[Data section — start]

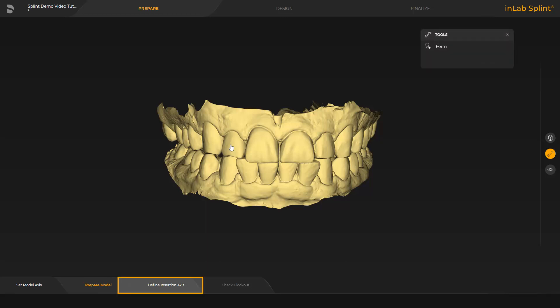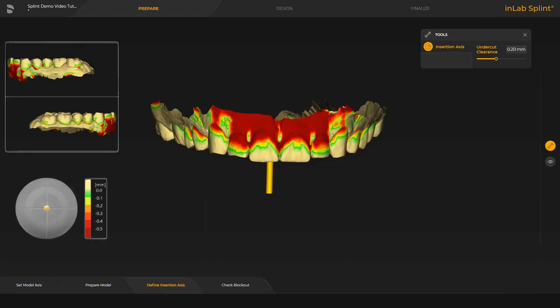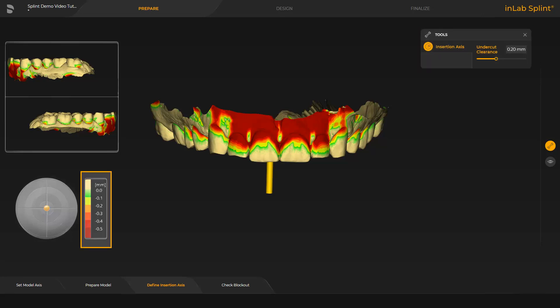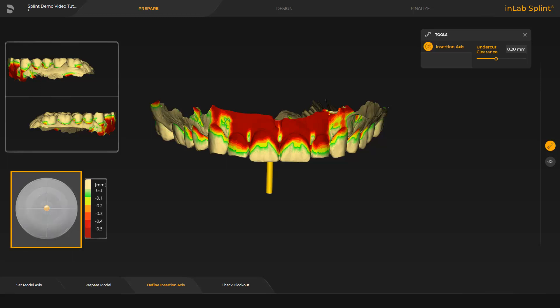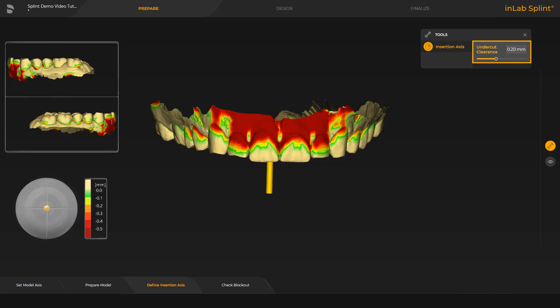Next, we switch to the Define Insertion Axis step. The Insertion Axis tool allows you to set the axis for blocking out the jaw. The undercut depth is visualized using a direct color gradient, from light green for a low depth to dark red for a great depth. The insertion axis itself is displayed with the yellow arrow above the center of the jaw. To adjust the axis, you can move the arrow with the left mouse button, or via the disc and the orange colored ball. When designing splints, you use the parameter Undercut Clearance to specify how deep the edge of the splint should be in the undercut.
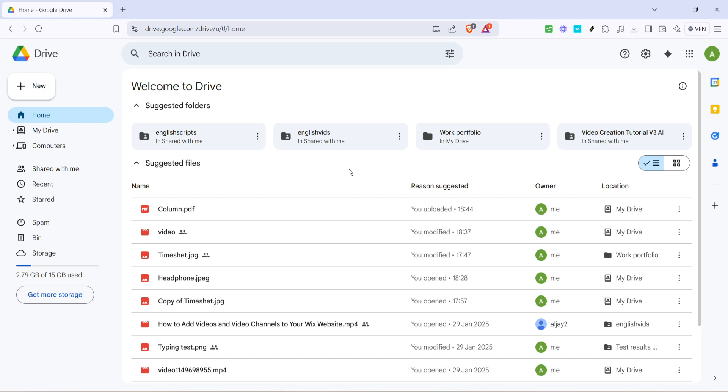Lastly, if you want to share this PDF or any document in your drive with others, simply right-click on the file and select share. Here you can enter email addresses of the people you'd like to share it with and adjust permissions on what they can do with the file.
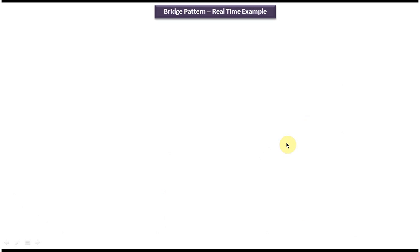I have created separate videos for the bridge design pattern class diagram and bridge design pattern implementation. So if you want to know more about this design pattern, please log in to my channel and watch those videos. Thanks for watching.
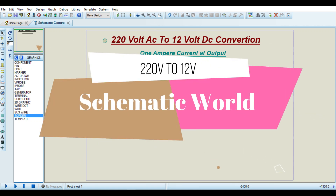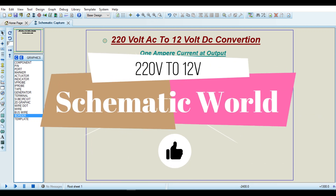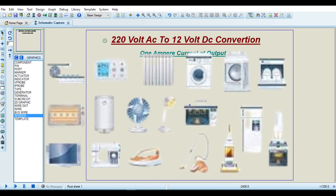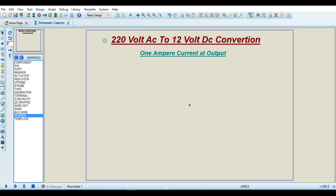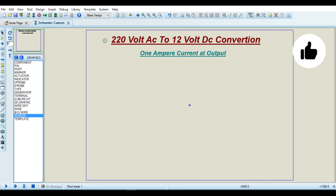Hi everyone. In this video we talk about 220 volt AC to 12 volt DC. As we know, the electrical equipment used in houses operate on DC. In this video I tell you how to convert 220 volt AC to 12 volt DC with 1 ampere current net output.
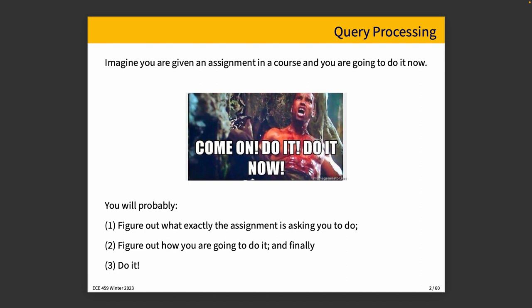Imagine you're given an assignment in a course and you're going to do it now. Assuming that it is a non-trivial assignment, you probably need to do something along the lines of the following three steps. Number one, figure out exactly what the assignment is asking you to do. Number two, figure out how you're going to do it — because you'll find that part two depends on part one, or you need to complete something else first. You need to come up with a plan. And then finally, step three is to do it. The goal of today's topic is to focus on step two — figuring out how to do the assignment.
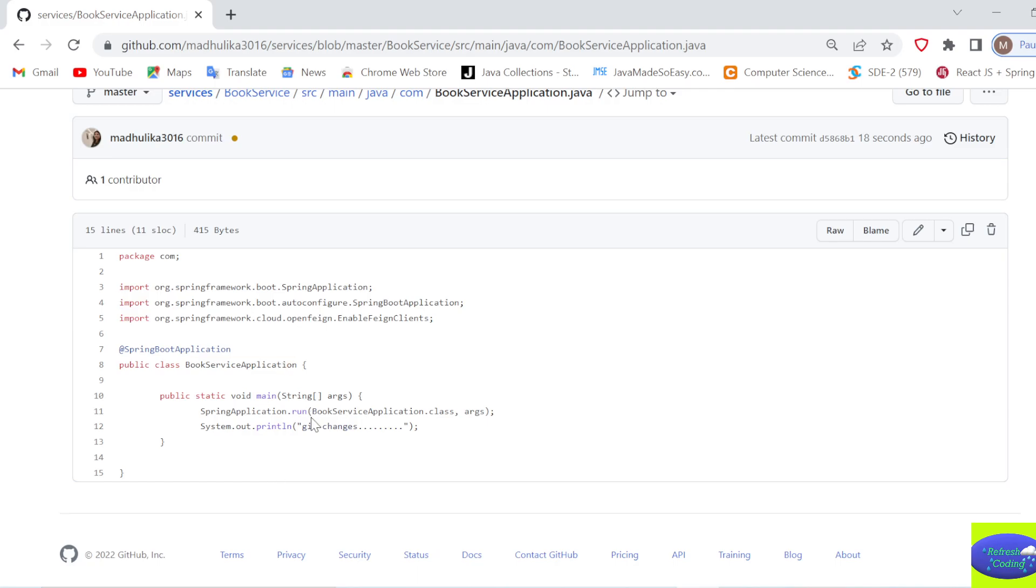So this way you can work with Git. You can collaborate with multiple developers and you can work. How to create different branches, if you want you can create different branches also and you can work with that, and you can merge those branches together also. So how to work with branches, that I'll show you in the next video. Thank you for now, thank you for watching, and please subscribe.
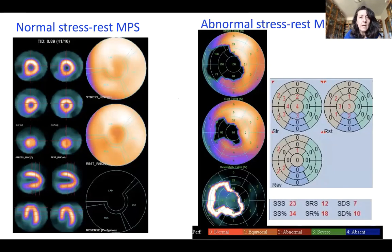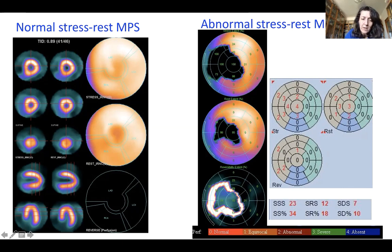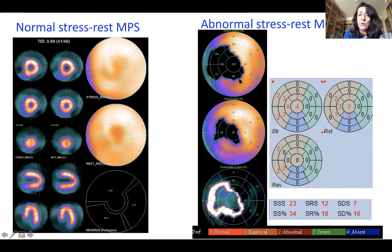For the normal stress scan, you can see stress, rest, and the difference between stress and rest — showing no difference in tracer uptake. You can also evaluate vascular territories: LAD, RCA, and LCX. To better understand semi-quantitative analysis, it is useful to examine an abnormal stress scan.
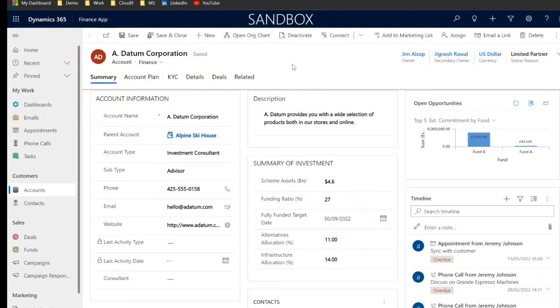Hi everyone, in this video I'm going to show you how you can manage your KYC process using Dynamics 365.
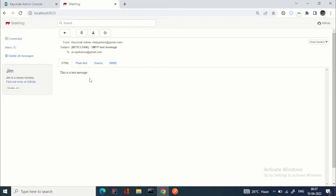If you want to use Google, you need to make some changes in your Google account to allow less-secure access. Google has made this difficult for a long time for security reasons. So if you want to try out these features, I'd recommend going for a simpler SMTP server like MailHog instead.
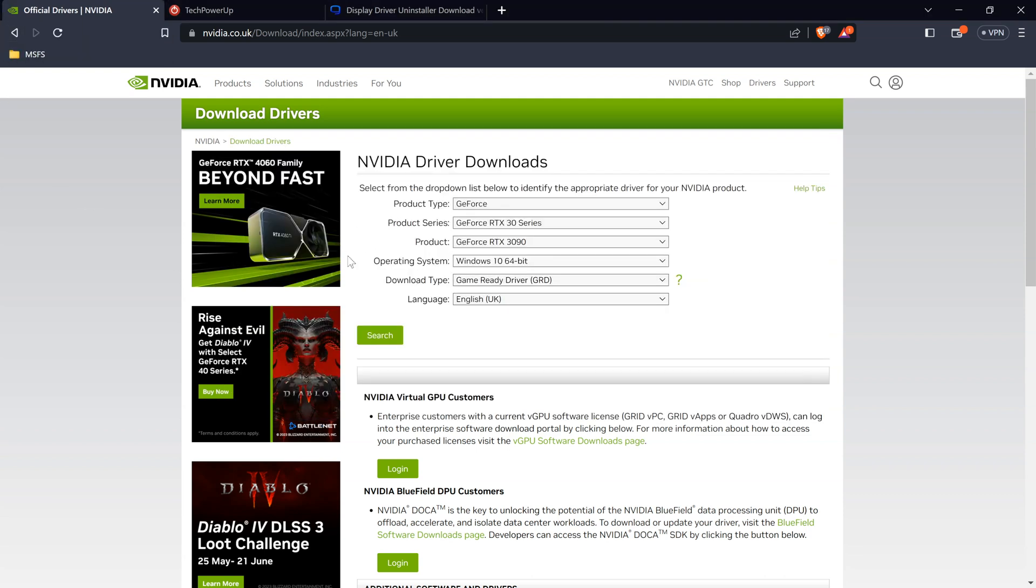Hello, in this video I'm going to show you how to do a clean install of your NVIDIA driver. The first thing you want to do is go to the NVIDIA website and download the latest driver for your card.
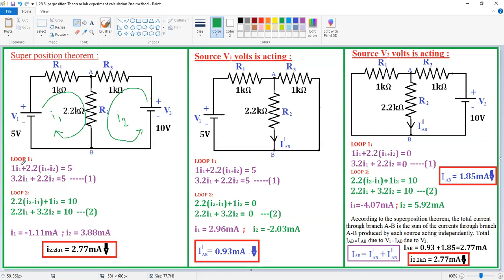Now write the loop 1 equation. At the 1 kΩ resistor, only I1 flows, so it is 1 × I1. For the 2.2 kΩ resistor connected between loop 1 and loop 2, I1 is downward and I2 is also downward at that branch — both are in the same direction, so we add the currents: (I1 + I2) × 2.2. The voltage rise is 5, giving equation 1: 3.2·I1 + 2.2·I2 = 5.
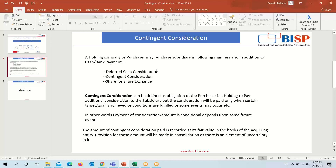For example, the subsidiary company is expected to acquire a new very large order. So the holding company or parent company may say: we will pay you the additional consideration if you achieve that big order. In other words, payment of the consideration amount is conditional — it depends upon a future event. If they acquire that big order, the additional consideration will be paid to them.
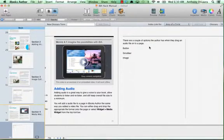We're going to take a look at adding audio files to your iBooks Author pages. In order to record some audio, there are a few different programs that you can use such as GarageBand or Audacity.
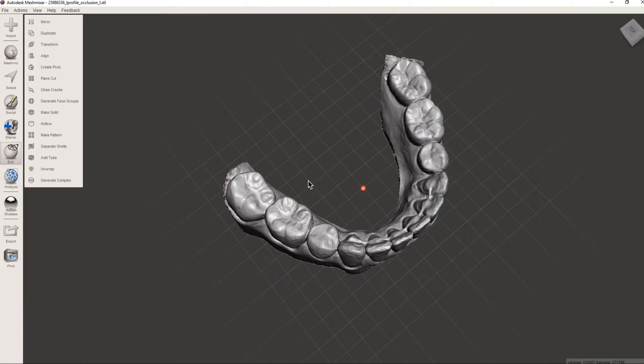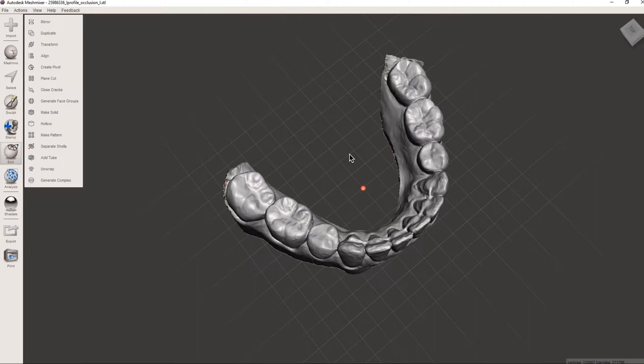This is Dr. Eric and I want to review how we take a model that's been exported from the iTero with a solid base and basically get it ready to print without hollowing.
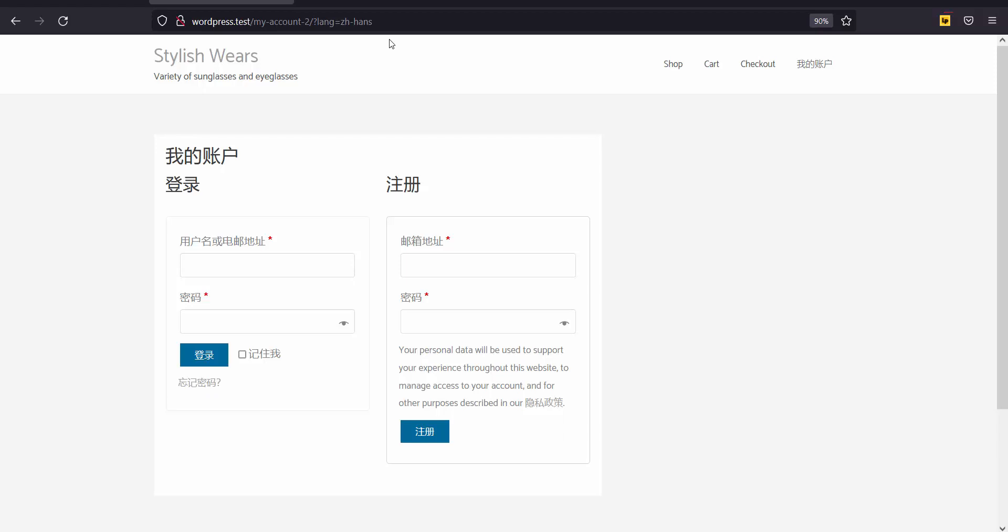Therefore, it redirects me from the home page to my account page in Simplified Chinese. You can now easily implement multilingual pages using WPML to automatically redirect users to a properly translated localized page based on their geolocation.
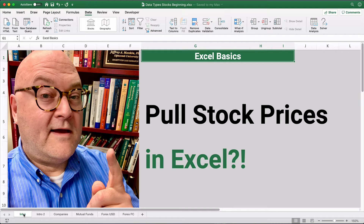Hello! Did you know that Excel can now pull stock prices, mutual fund prices, or even foreign exchange prices into Excel? Yes, it's true. Let's get started.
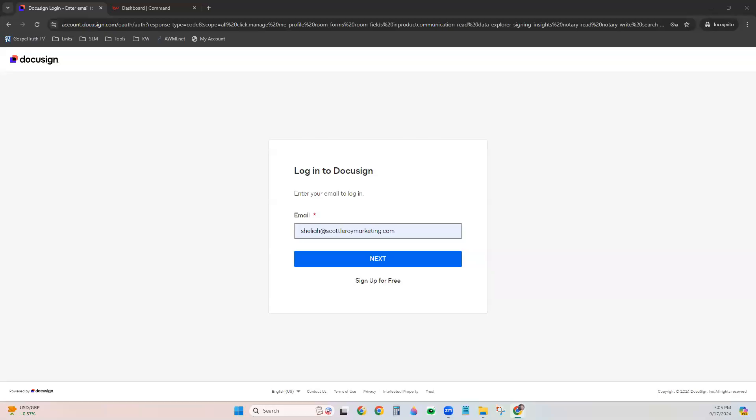Hi, this is Mandy with Scott LaRoy Marketing. I want to show you how to create templates within your DocuSign account. Templates help you auto-populate certain information on forms that you commonly use so that you're not always having to manually type in the information. Think about like your name, your office address, your brokerage name, things like that.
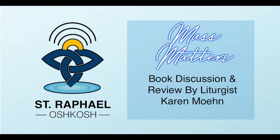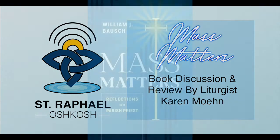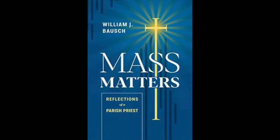This is Karen at St. Raphael's Church. I invite you to take a look at a book that I've been studying with the Worship Commission here at St. Raphael Parish during this past year. It's a book titled Mass Matters, Reflections of a Parish Priest by William Bausch.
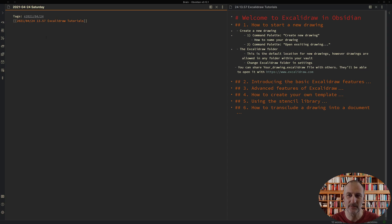Welcome to this mini-series introducing the Excalidraw plugin in Obsidian. In the first part, I'm going to show you how to create a new drawing.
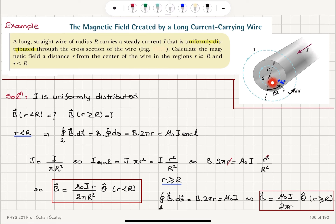The current enclosed by the inner region is the current density I over πR² multiplied by the cross-sectional area πr², giving Ir² over R². Writing Ampere's law: B times 2πr equals μ₀Ir² over R², so the r's cancel, and we get a linear increase in magnetic field from the center to the outer edge. For r greater than R, the total current enclosed is I, so B times 2πr equals μ₀I, giving B equals μ₀I over 2πr.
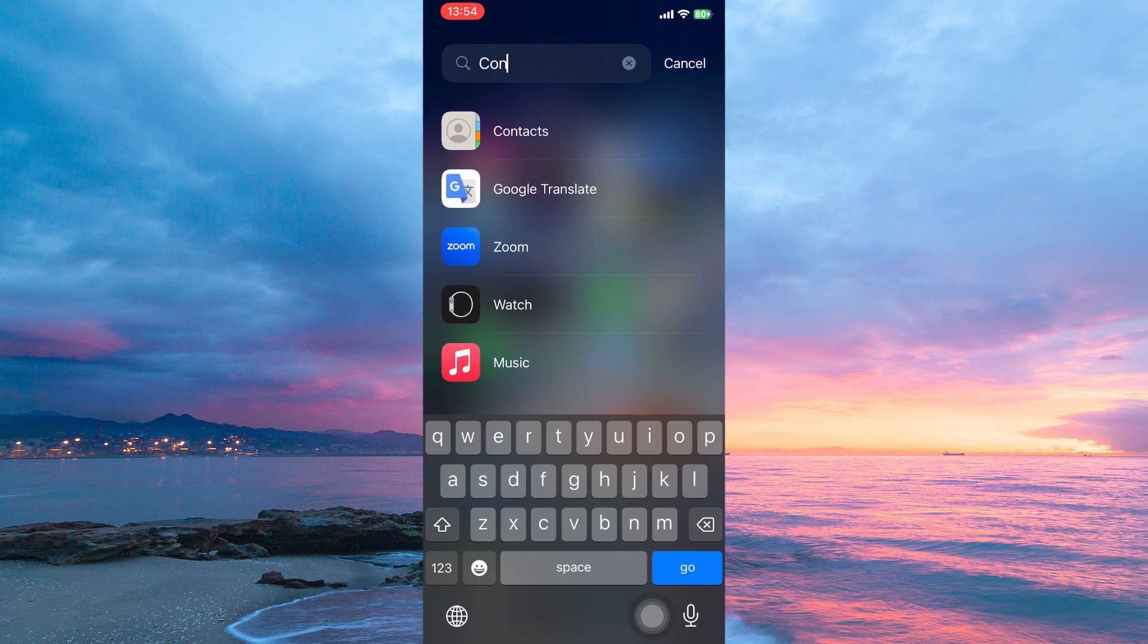Note, iPhones lack a built-in feature to truly hide individual contacts. However, there is a way you can hide a contact.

[Data section — finish]

▸ **Exercise directions**
Repeat, word for word and with no pictures, only the lines running from the beginning of the data to the line that contains "Hi everyone. In".

▸ **Solved exercise**
Next, we switch to the Define Insertion Axis step. The Insertion Axis tool allows you to set the axis for blocking out the jaw. The undercut depth is visualized using a direct color gradient, from light green for a low depth to dark red for a great depth. The insertion axis itself is displayed with the yellow arrow above the center of the jaw. To adjust the axis, you can move the arrow with the left mouse button, or via the disc and the orange colored ball. When designing splints, you use the parameter Undercut Clearance to specify how deep the edge of the splint should be in the undercut.
Lastly, if you want to share this PDF or any document in your drive with others, simply right-click on the file and select share. Here you can enter email addresses of the people you'd like to share it with and adjust permissions on what they can do with the file.
I have created separate videos for the bridge design pattern class diagram and bridge design pattern implementation. So if you want to know more about this design pattern, please log in to my channel and watch those videos. Thanks for watching.
Hi everyone. In this video we talk about 220 volt AC to 12 volt DC. As we know, the electrical equipment used in houses operate on DC. In this video I tell you how to convert 220 volt AC to 12 volt DC with 1 ampere current net output.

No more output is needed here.